“Nel caos di stanze stupefacenti” è il terzo disco di Levante, che nasce dal caos ma che dallo stesso ne prende le distanze. Scusate il gioco di parole, lo ammetto in principio. Quel caos lì più che alle stanze sarebbe da imputare alle distanze stupefacenti, ma Claudia a questo ci ha abituati sino da “Manuale distruzione”.
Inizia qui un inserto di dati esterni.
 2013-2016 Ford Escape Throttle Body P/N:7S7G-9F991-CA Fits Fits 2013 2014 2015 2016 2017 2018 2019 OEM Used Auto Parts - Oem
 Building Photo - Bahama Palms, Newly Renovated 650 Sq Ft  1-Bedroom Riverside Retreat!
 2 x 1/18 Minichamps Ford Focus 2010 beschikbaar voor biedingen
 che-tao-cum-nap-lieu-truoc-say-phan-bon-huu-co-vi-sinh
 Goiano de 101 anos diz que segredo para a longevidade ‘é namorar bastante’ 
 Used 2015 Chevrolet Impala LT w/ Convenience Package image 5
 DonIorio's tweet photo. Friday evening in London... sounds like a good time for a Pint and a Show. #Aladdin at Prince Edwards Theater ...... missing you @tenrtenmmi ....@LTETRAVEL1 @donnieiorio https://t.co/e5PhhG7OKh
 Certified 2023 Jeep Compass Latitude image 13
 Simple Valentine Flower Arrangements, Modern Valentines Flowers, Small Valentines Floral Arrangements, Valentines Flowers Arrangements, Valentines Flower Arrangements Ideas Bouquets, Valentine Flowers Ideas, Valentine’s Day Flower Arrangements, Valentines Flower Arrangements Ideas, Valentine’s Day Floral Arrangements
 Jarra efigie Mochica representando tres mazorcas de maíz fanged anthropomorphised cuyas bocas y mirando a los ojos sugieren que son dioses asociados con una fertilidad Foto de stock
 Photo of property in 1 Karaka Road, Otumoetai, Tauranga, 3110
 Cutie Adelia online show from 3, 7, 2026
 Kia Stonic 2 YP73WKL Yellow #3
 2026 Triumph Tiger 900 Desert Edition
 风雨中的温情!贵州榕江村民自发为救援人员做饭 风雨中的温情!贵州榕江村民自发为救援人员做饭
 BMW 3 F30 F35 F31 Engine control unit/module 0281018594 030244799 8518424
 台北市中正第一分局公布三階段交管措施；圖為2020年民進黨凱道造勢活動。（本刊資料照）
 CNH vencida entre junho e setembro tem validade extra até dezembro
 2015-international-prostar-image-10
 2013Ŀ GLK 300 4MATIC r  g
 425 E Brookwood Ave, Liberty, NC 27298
Il secondo album è sempre il più difficile per la carriera di un artista cantava Caparezza, ma sicuramente è il terzo che sancisce il valore di una cantautrice come Levante. Un caos sonoro ordinato, che la fa virare a tratti verso il pop (thanks to Filipelli al banco di regia), sicuramente più focalizzata sulla ritmica e un impatto sonoro live-style. La pietanza musicale che ti viene servita arriva dritta nello stomaco ed lì che si appiccica facendoti canticchiare, già dal primo ascolto, “Non me ne frega niente” quasi un mantra ben condito. Eppure “Nel caos di stanze stupefacenti” non è proprio un disco pop, vuoi per le sfumature ma soprattutto per tematiche che Claudia tocca neanche tanto delicatamente. La sua dote, oltre quella di scavarsi dentro, è di parlare in modo crudo, reale, tangibile della realtà che si tratti di violenza in “Gesù Cristo sono io” o di quei Je suis proclamati dai social per l’ennesima strage in “Non me ne frega niente”.
Levante sfida le dinamiche discografiche delle categorie di dischi, di questo va dato merito anche a Carosello, sempre più attenta al panorama indipendente. Così, con una naturalezza devastante si passa dal quasi rap di “1996 La stagione del rumore” , alla filastrocca “Santa Rosalia” all’ironica “Pezzo di me” feat Max Gazzè. In queste stanze e grazie a certe distanze Claudia ha avuto il coraggio di rischiare, e questo ha portato alla luce un disco che fa del caos la sua più sublime armonia.